Grunnleggende konsepter
Under ergodic-type conditions on the data distributions, optimal error bounds can be achieved for classification and regression tasks using universal rules, with applications in wireless networks.
Sammendrag
The paper studies classification and regression error bounds for inhomogeneous data that are independent but not necessarily identically distributed.
For regression:
- It establishes ergodic-type sufficient conditions that guarantee the achievability of the Bayes error bound using universal rules.
- It performs a similar analysis for k-nearest neighbor regression and obtains optimal error bounds.
For classification:
- It derives bounds for the minimum classification error probability of inhomogeneous data when the noise statistics satisfy an ergodic-type condition.
- It shows that under these conditions, universal classifiers can achieve the Bayes error bound.
The results are then illustrated in the context of wireless network applications, such as estimating transmission power levels and primary user detection in cognitive radio networks.
Statistikk
The paper does not contain any explicit numerical data or statistics.

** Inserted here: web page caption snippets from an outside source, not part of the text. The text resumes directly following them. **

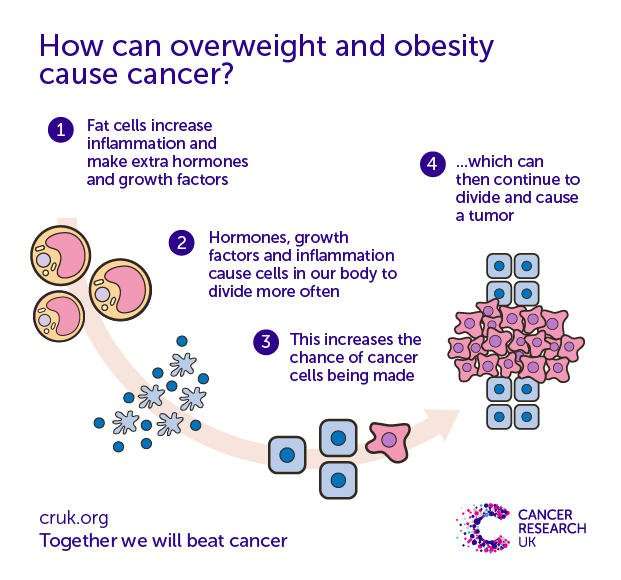 Does obesity cause cancer?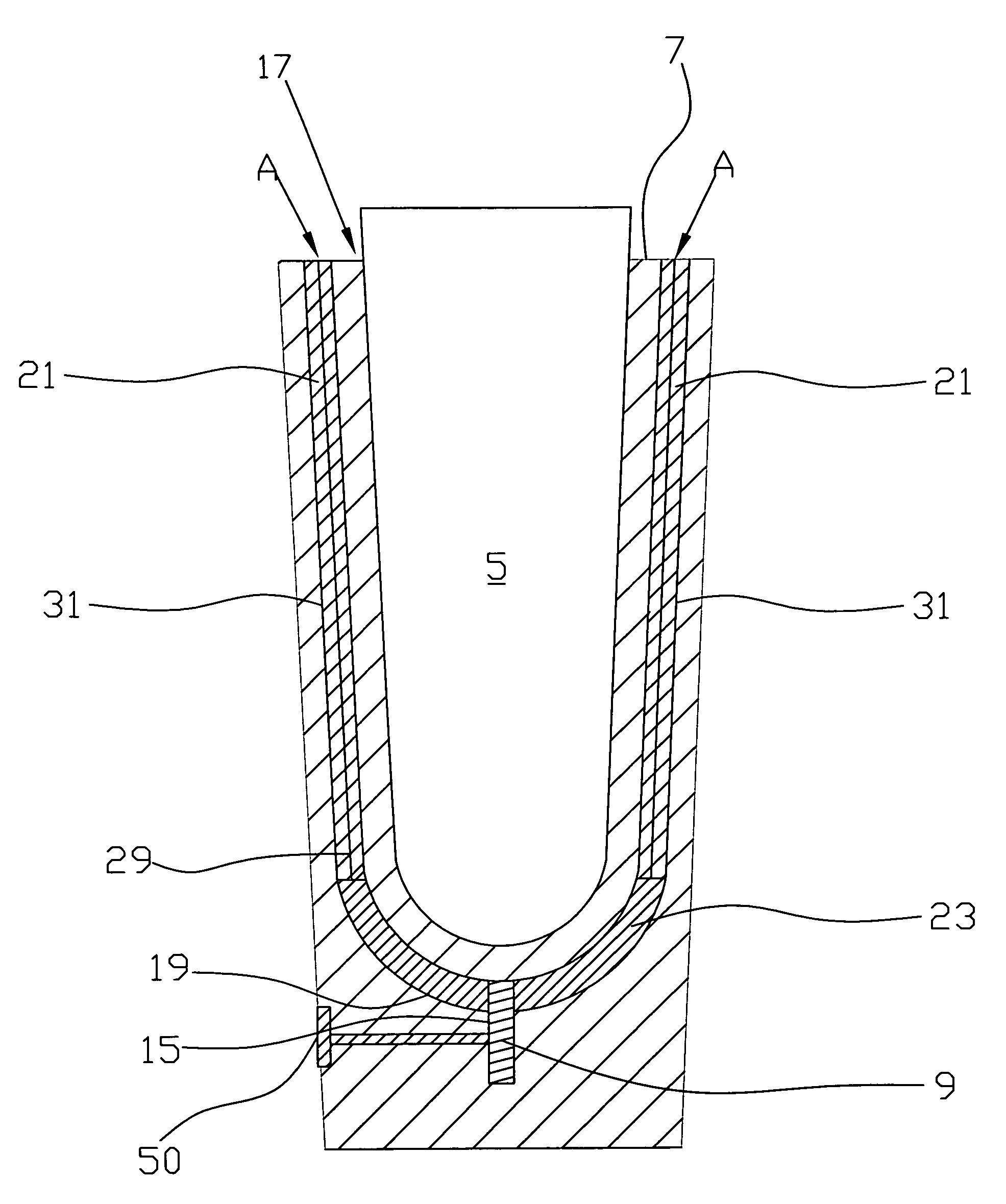 Prosthetic interior casting process and product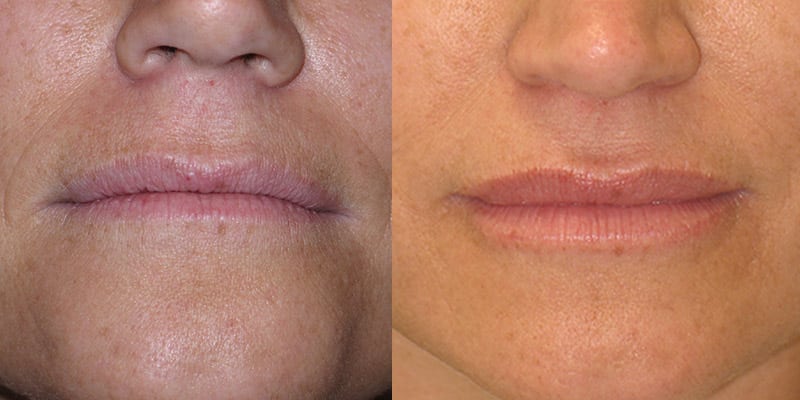 Before and After Image: Lip Enhancement - front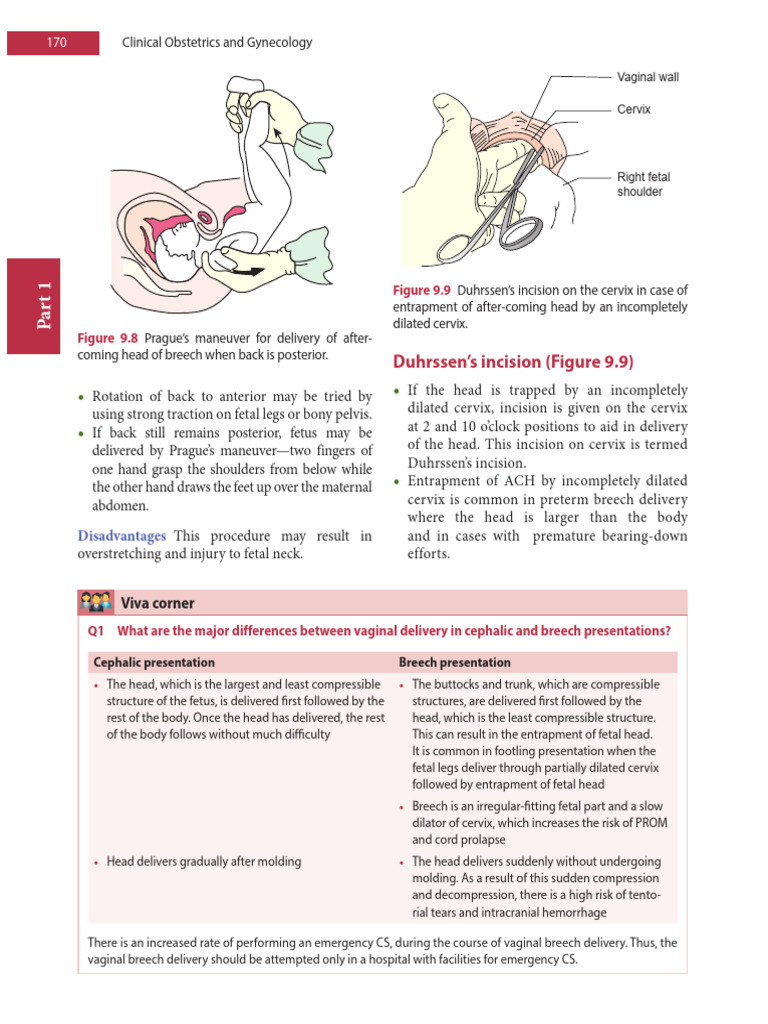 Duhrssen's Incision in Breech Delivery | PDF | Childbirth | Human ...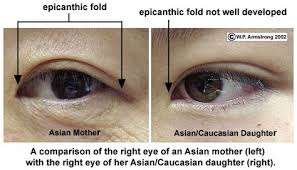 There are clinical terms ― like the epicanthal folds. Epicanthal Folds Vs Normal Drone Fest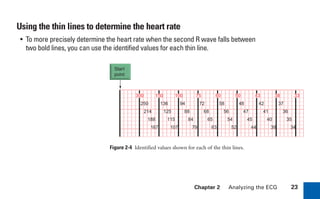 Chapter 2 Analyzing the ECG 23
Using the thin lines to determine the heart rate
Figure 2-4 Identified values shown for each of the thin lines.
• To more precisely determine the heart rate when the second R wave falls between
two bold lines, you can use the identified values for each thin line.
300 150 100 75 60 50 43 38 33
250
214
188
167
136
125
115
107
94
88
84
79
72
68
65
63
58
56
54
52
48
47
45
44
42
41
40
39
37
36
35
34
Start
point
sha19766_cp02.indd 23
sha19766_cp02.indd 23 7/24/06 1:48:20 PM
7/24/06 1:48:20 PM
 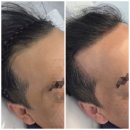 광명 남자 헤어라인 두피문신 후기 인천에서 광명까지 ｜M자 헤어라인 커버, 1차 시술 직후 사례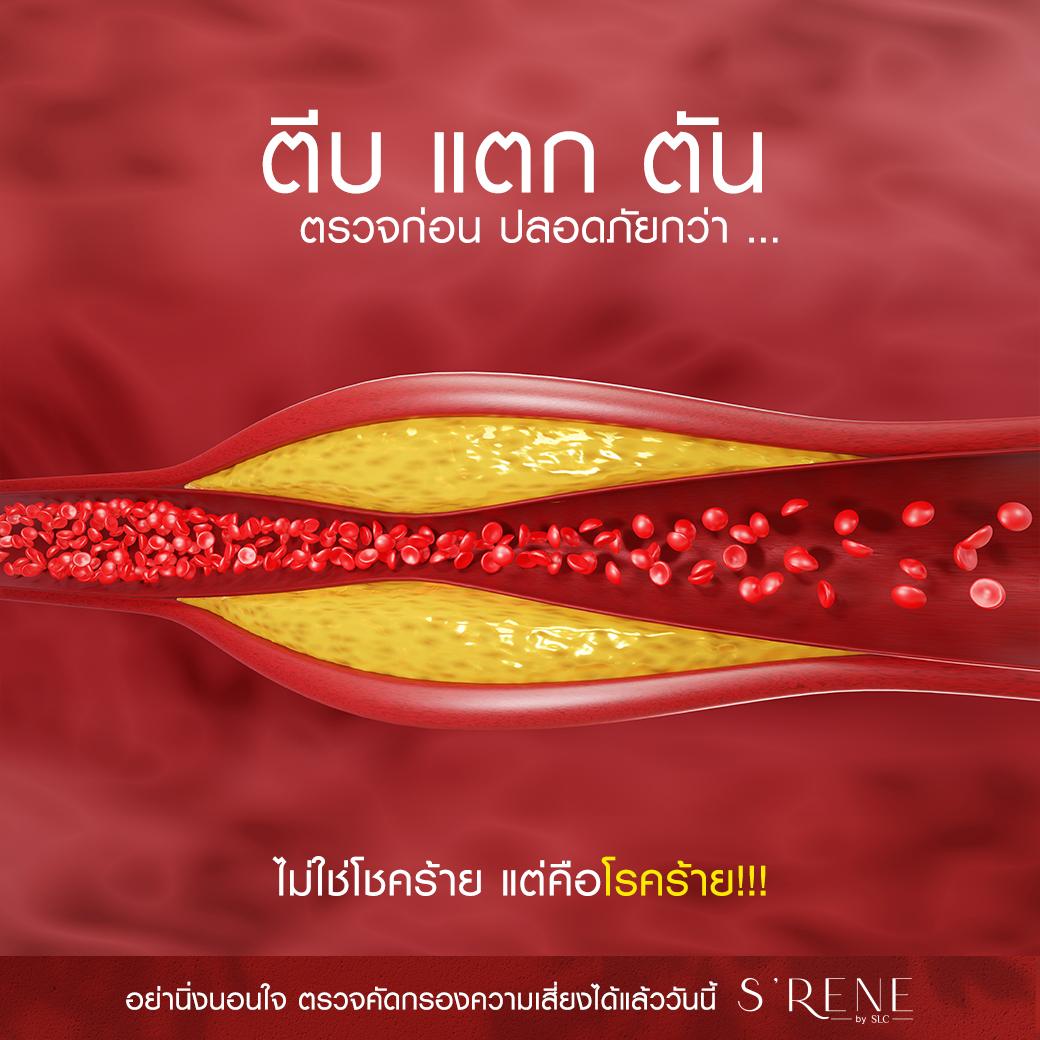 หลอดเลือดสมองตีบ,หลอดเลือดหัวใจตีบ,อาการ stroke,หลอดเลือดหัวใจตีบ อาการ,อายุหลอดเลือด,ตรวจอายุหลอดเลือด,ตรวจหลอดเลือด,เครื่อง ABI,อาการหลอดเลือดหัวใจตีบ,อาการหลอดเลือดสมองตีบ,stroke อาการ,s'rene by slc,s'rene,คลินิกสุขภาพ,คลินิกดูแลสุขภาพ,เวลเนส,wellness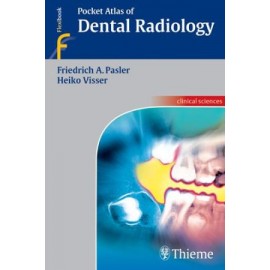 Pocket Atlas of Dental Radiology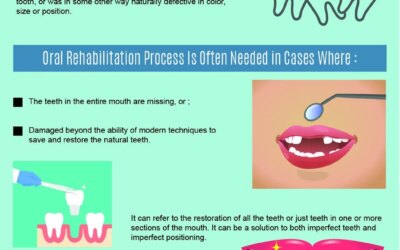 When Do You Need A Oral Rehabilitation- Infographic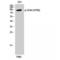 CD44 antibody, LS-C380967, Lifespan Biosciences, Western Blot image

The key results are theoretical bounds and conditions derived for the regression and classification error probabilities.
Sitater
"If h is uniformly continuous and sup_x |1/n Σ_i^n f_i(x) - f(x)| → 0 as n → ∞, where f is a uniformly continuous density, then there is a universally consistent regressor that achieves the optimal average variance."
"If sup_x |1/n Σ_i^n |h_i(x) - h(x)| → 0, then the minimum possible average classification error probability is equal to the Bayes error bound."